Ana Oramas: Aplausos que duelen

Ni las lágrimas contenidas de la vicepresidenta del Gobierno, Soraya Sáenz de Santamaría, en la rueda de prensa posterior al Consejo de Ministros celebrado el pasado viernes, harán olvidar el dolor causado a la inmensa mayoría de los españoles por los prolongados aplausos de los diputados y diputadas del Partido Popular tras el anuncio de los mayores recortes de nuestra democracia por parte de Mariano Rajoy.

Como diputada, fui testigo en el Congreso de una de las escenas que quedarán grabadas en la memoria de muchos de nosotros no sólo por la estampa de todos los diputados del PP en pie vitoreando a Rajoy sino por las catorce veces que interrumpieron su discurso para aplaudir medidas que abofetean a muchos ciudadanos y, sobre todo, a los parados y a los pensionistas.

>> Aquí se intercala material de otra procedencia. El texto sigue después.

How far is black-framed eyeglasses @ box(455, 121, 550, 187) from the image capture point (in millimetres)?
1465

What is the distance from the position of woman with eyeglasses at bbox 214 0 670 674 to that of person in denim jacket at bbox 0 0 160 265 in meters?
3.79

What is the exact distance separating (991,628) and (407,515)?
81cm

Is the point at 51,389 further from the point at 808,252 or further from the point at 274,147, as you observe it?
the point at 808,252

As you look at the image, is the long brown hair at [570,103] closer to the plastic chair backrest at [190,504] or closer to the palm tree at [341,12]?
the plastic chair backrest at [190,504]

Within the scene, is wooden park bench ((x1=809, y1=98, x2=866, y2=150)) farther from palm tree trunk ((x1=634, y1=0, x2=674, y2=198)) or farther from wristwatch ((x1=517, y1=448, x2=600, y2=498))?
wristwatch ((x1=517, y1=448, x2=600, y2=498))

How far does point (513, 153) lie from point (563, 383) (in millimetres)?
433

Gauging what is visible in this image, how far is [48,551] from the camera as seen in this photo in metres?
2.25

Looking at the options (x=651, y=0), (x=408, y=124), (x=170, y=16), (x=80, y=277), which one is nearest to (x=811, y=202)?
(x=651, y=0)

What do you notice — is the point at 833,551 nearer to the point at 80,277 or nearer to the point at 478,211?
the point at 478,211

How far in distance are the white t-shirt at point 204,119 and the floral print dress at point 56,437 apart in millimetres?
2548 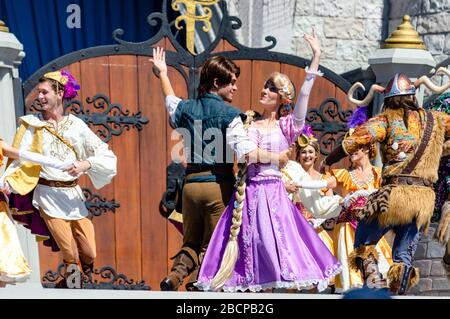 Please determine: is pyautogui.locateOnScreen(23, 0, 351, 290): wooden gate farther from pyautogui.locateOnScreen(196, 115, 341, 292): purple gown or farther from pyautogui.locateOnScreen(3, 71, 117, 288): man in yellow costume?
pyautogui.locateOnScreen(196, 115, 341, 292): purple gown

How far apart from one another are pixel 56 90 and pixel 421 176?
8.18ft

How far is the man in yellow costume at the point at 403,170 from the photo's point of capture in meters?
5.30

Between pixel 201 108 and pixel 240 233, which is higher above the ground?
pixel 201 108

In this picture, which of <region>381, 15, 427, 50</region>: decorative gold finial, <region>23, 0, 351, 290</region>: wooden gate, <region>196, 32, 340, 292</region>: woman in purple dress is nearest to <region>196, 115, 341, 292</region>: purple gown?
<region>196, 32, 340, 292</region>: woman in purple dress

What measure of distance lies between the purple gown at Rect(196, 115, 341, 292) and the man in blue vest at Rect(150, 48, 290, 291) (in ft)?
0.30

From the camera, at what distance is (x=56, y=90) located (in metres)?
5.75

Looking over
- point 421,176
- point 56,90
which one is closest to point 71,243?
point 56,90

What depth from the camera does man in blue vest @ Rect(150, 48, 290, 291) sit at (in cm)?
524

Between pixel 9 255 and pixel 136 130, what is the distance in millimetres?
1865

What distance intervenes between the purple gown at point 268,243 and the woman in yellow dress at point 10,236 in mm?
1216

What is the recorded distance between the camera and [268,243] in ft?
17.2

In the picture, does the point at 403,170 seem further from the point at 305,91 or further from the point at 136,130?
the point at 136,130

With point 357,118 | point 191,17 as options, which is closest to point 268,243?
point 357,118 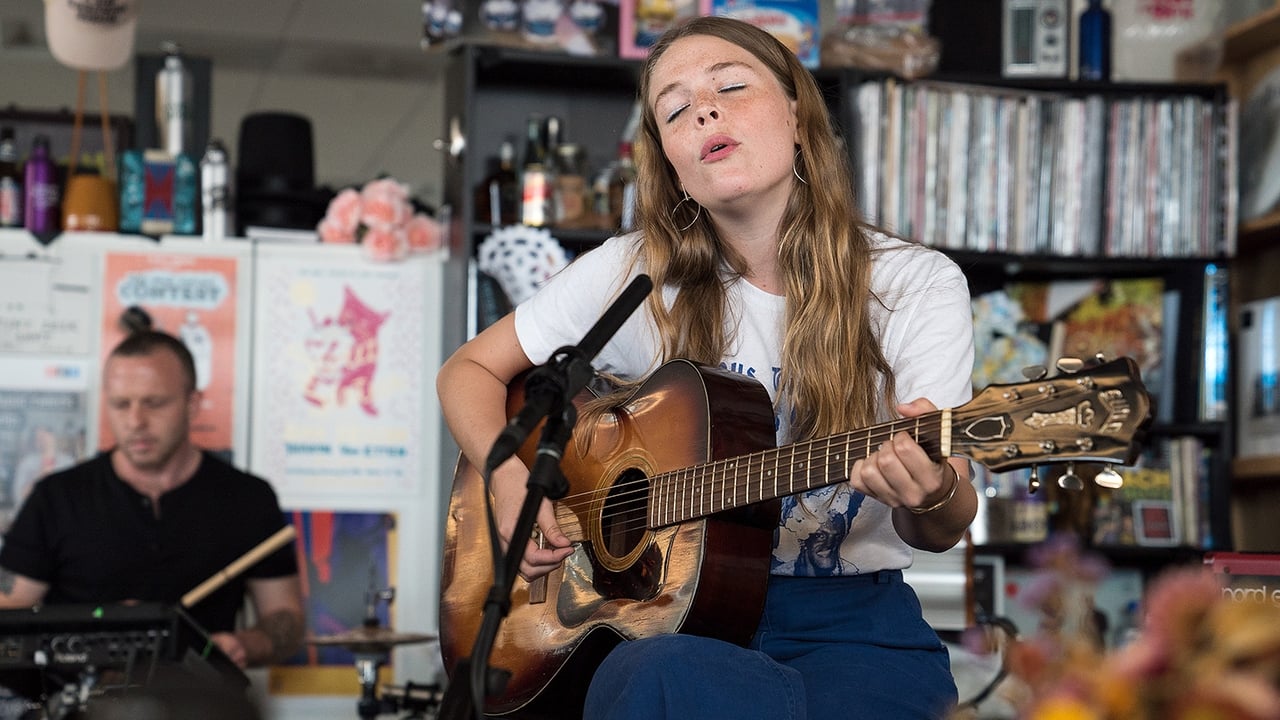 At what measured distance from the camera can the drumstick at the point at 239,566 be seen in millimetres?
3170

Los aplausos en la bancada popular en los momentos más duros de nuestra democracia y nuestra economía demuestran la ausencia de sensibilidad de un partido que, cada día, se aleja más de la sociedad y de los ciudadanos, incluso de aquellos que confiaron ciegamente en ellos para dar un giro a una economía cuyos indicadores son mucho peores que en noviembre de 2011.

Sin olvidar las expresiones y los insultos vertidos por parte de una diputada del Partido Popular, que por dignidad y respeto a los ciudadanos tendría que haber presentado su dimisión o, como mínimo, haber pedido disculpas a los parados a los que se refirió con tres palabras que prefiero omitir en mi artículo.

El Congreso fue el pasado miércoles un circo de aplausos y reproches, mientras en la calle, en las casas o en cualquier puesto de trabajo el semblante de los ciudadanos era muy distinto. Nada que ver con las risitas y los vítores protagonizados por quienes demostraron con sus gestos que son ajenos al drama que viven muchas familias en este país.

El pasado miércoles no había nada que festejar. Rajoy nos presentó, sin inmutarse, los mayores ajustes de nuestra democracia. Y lo hizo sin hablar previamente con ninguno de los portavoces parlamentarios ni con los presidentes autonómicos.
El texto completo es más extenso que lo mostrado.